AIM OF THE TASK:
Leave the pictures aside and copy all the data exactly.

RECORDED DATA:
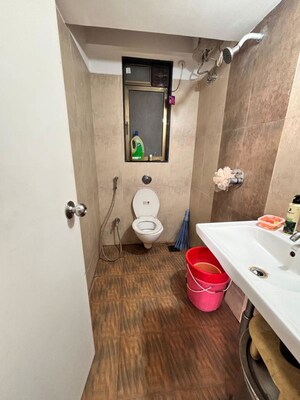 Furnished Amenities in 2.5 BHK Apartment at Chandak Nishchay Phase 2, Borivali East – for Rent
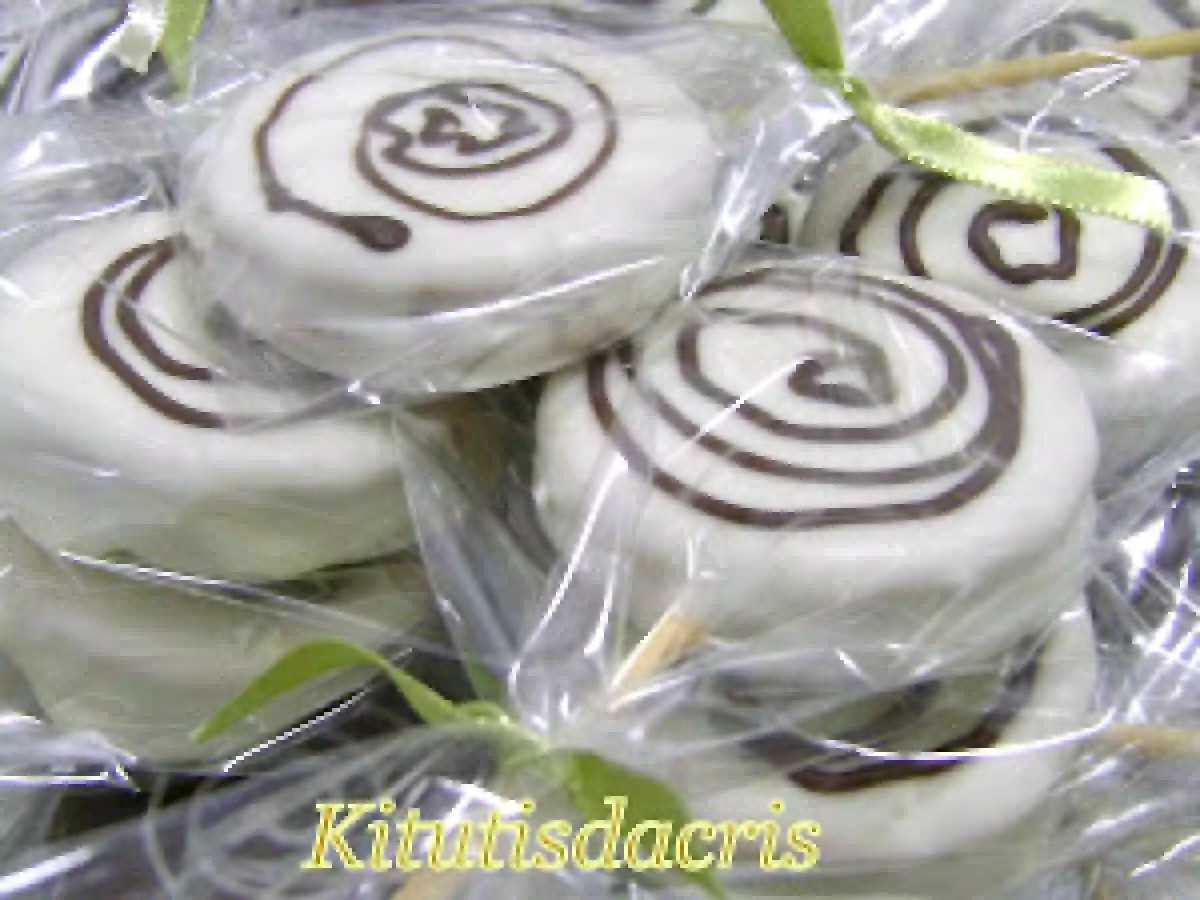 Alfajor - Pirulito de bolacha Maria - foto 18
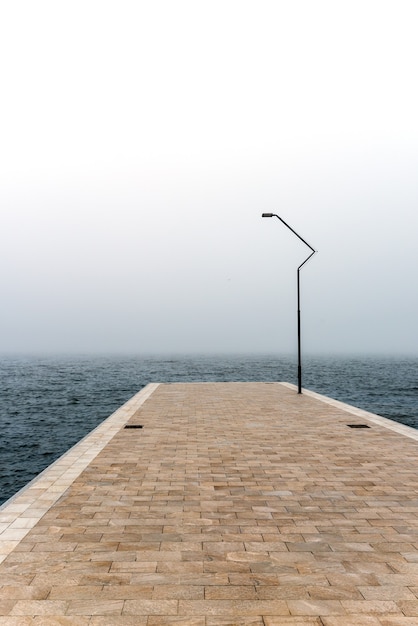 Día de niebla en el terraplén de la ciudad.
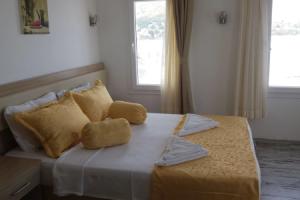 Palmiye Beach & Rest Hotel, Goeltuerkbuekue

RESPONSE AREA:
 Furnished Amenities in 2.5 BHK Apartment at Chandak Nishchay Phase 2, Borivali East – for Rent
 Alfajor - Pirulito de bolacha Maria - foto 18
 Día de niebla en el terraplén de la ciudad.
 Palmiye Beach & Rest Hotel, Goeltuerkbuekue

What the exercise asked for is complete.